Acının anlatıcısı bir yazar olmak sizin tercihiniz mi, ya da zorunluluk olarak mı hissettiniz mi?

Acının anlatıcısı olmak tercih ettiğim bir şey değildir. Sizin de belirttiğiniz gibi 40-50 senedir sürekli acılar katmerleşerek devam ediyor. Bunlardan kaçınmak mümkün gibi görünmüyor. Benimde yazdığım hikâyelerde acılar söz konusu fakat yine de elimden geldiğince acıları acıtarak anlatmamaya çalıştım. İnsanlar zaten yetirince acı çekiyorlar yazdığım hikâyelerde azda olsa de yer yer tebessüm etmelerini de sağlamaya çalıştım. Örneğin Maruzat adlı öyküde ve Adliye adlı öyküde yaşanan olayları olguları mizah katarak yazmaya çalıştım. “Coğrafya kaderdir” deniliyor ya sanırım bizimde payımıza acılar düşmüştür. Kaldı ki acılardan herkes payına düşeni fazlasıyla aldı. Sonuç itibariyle sadece ben değil hiçbir yazar sadece acıları yazmak ve acının anlatıcısı yazarı olmak istemez. Varsın acılar bizden uzak dursun.

Hikâyeleriniz kaynağı yaşanmış olaylar mı, yoksa sizin kurgunuz mu?

Yaşanmış olaylardan yola çıkarak kurguladığım hikâyelerdir.

Kitabı okuyacak olan okuyucunuza ne önerirsiniz?

Okuyucuya öncelikle sabırlı olmalarını önerinim. Keyifle okumalarını umut ediyorum.

Size tek kelimeyle kitabınızı tarif edin dersem ne dersiniz?
Tek kelimeyle ifade etmek zor olur birkaç kelimeyle ifade etmeme müsaade ederseniz şunu derim. Film tadında bir kitap.

Van gibi hikâyesi bol bir şehirde doğup büyüdünüz. Önümüzde ki yıllarda yazacağınız kitaplarda Van’ı anlatacak mısınız?
Sizin de edebiyatla ilgilendiğinizi biliyorum. Umarım en yakın zamanda kitabınız da çıkmış olacak şimdiden sizi tebrik eder başarılarınızın devamını dilerim. Sanırım insan bir kitabı yazıp bitirdikten sonra bir daha hiçbir şey yazmayacağını düşünür en azında benim için şimdilik böyle. Yazıyla ilgili en zor olan şey bir yerden başlamak ondan sonra gerisi geliyor.
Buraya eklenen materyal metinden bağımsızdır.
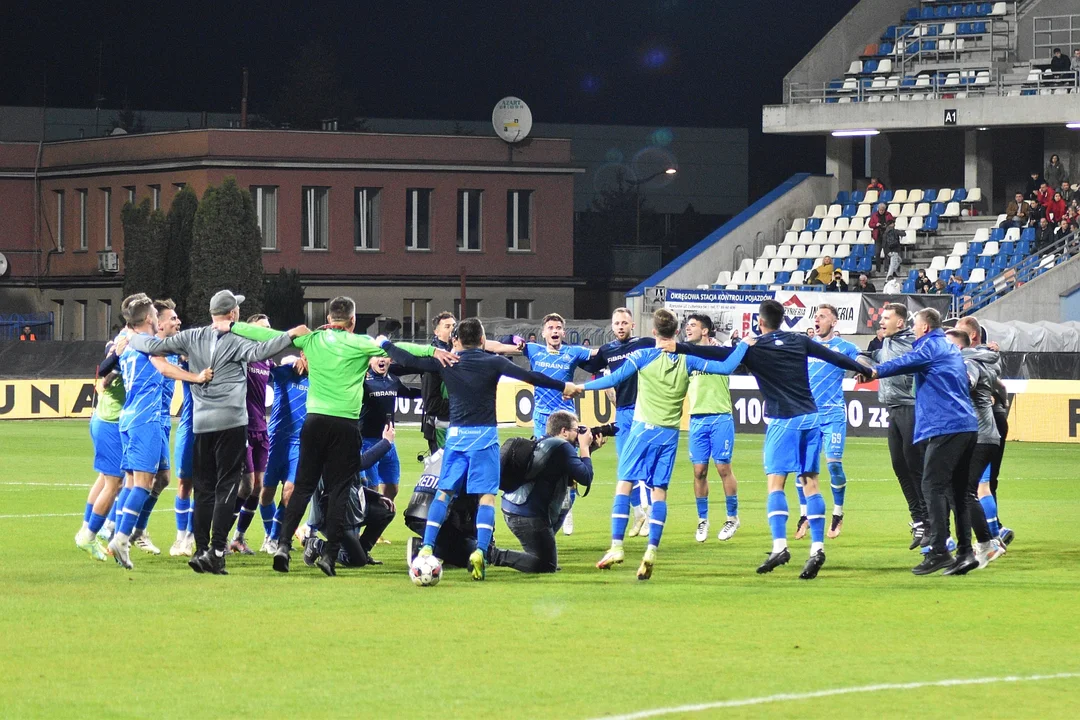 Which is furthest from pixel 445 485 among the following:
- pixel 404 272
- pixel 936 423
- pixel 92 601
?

Mütevazılık olsun diye söylemiyorum. Eve keşke Van’ı Van Gölü’nü anlatabilecek kadar hayal dünyam geniş olsaydı.

Son olarak neler söylemek istersiniz?
Tanrıdan tek dileğim bizi biran öce bu korona belasından kurtarması. Normal halimize dönelim biran evvel. Ayrıca bana bu imkânı tanıdığın içinde sana çokça bolca teşekkürlerimi sunarım…

Roni Nasır Kaya kimdir?

Van Çaldıran doğumlu 2002-2007 yılları arası Dicle Haber Ajansı’nda muhabirlik ve yöneticilik yaptı. Birçok önemli haberlere imza attı. 2008 yılında Finlandiya’ya göç etti. Orada da Helsinki Teknik Üniversitesinde Dijital Medya bölümünü okudu. Daha sonra çeşitli yapım firmaları ve televizyon kanallarında yapımcı olarak çalıştı.